The Danish Dialogue System corpus comprises 57 dialogues from the user test of the Danish domestic flight ticket reservation prototype [Bernsen et al. 1998b] as well as 126 dialogues from earlier design tests. The prototype system was developed in the Danish dialogue project, a project consortium including Center for Cognitive Science, Roskilde University (today NISLab at the University of Southern Denmark, Odense), Center for PersonKommunikation, Ålborg University, and Center for Language Technology, Copenhagen University. The system is accessed via the telephone and speaks and understands Danish with a vocabulary of about 500 words. The dialogue is mainly system-directed.

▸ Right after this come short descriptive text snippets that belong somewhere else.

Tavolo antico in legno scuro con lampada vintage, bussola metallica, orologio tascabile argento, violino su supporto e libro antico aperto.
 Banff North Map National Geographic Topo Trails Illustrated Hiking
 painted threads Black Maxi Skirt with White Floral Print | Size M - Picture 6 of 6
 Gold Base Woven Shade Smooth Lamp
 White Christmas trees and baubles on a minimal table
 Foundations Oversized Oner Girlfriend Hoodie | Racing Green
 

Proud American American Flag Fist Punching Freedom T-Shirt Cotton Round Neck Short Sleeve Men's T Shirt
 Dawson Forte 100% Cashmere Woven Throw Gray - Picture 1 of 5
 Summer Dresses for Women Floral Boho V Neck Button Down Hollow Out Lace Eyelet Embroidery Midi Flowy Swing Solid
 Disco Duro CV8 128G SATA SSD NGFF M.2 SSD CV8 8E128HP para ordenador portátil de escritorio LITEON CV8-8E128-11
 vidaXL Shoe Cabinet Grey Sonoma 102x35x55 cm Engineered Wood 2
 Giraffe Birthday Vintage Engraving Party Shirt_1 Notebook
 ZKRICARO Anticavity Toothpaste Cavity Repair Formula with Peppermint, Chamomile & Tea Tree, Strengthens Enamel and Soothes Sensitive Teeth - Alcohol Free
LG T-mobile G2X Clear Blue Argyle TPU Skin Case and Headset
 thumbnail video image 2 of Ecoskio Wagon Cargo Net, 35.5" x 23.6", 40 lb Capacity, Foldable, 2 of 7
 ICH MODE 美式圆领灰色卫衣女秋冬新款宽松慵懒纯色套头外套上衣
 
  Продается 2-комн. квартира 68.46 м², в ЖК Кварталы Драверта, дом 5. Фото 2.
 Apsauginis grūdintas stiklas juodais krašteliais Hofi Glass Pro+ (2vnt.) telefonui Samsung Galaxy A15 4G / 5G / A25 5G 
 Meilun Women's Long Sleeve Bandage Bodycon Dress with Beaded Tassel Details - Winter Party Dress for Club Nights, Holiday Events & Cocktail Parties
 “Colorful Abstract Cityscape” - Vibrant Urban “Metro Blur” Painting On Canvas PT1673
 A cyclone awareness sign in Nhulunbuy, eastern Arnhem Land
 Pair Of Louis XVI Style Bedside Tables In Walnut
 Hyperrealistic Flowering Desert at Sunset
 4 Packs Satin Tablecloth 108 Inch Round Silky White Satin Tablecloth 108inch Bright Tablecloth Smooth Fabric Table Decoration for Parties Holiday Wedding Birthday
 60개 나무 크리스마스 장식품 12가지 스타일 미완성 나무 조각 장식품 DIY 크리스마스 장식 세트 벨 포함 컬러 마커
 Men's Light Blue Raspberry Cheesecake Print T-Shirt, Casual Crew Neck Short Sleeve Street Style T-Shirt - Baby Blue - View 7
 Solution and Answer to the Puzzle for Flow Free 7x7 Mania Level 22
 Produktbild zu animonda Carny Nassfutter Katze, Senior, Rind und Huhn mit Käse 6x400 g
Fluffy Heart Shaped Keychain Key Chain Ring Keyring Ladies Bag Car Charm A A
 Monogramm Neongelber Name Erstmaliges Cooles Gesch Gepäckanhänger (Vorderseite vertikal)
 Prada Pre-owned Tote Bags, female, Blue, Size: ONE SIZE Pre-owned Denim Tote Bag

When the Danish Dialogue System had been implemented and debugged, a controlled user test was carried out with a simulated speech recogniser. The user test was based on 20 different scenarios which had been systematically designed by the developers to cover the various aspects of Danish domestic flight ticket reservation. Each scenario was represented in two different versions: a masked version combining language and analogue graphics, and a standard text version.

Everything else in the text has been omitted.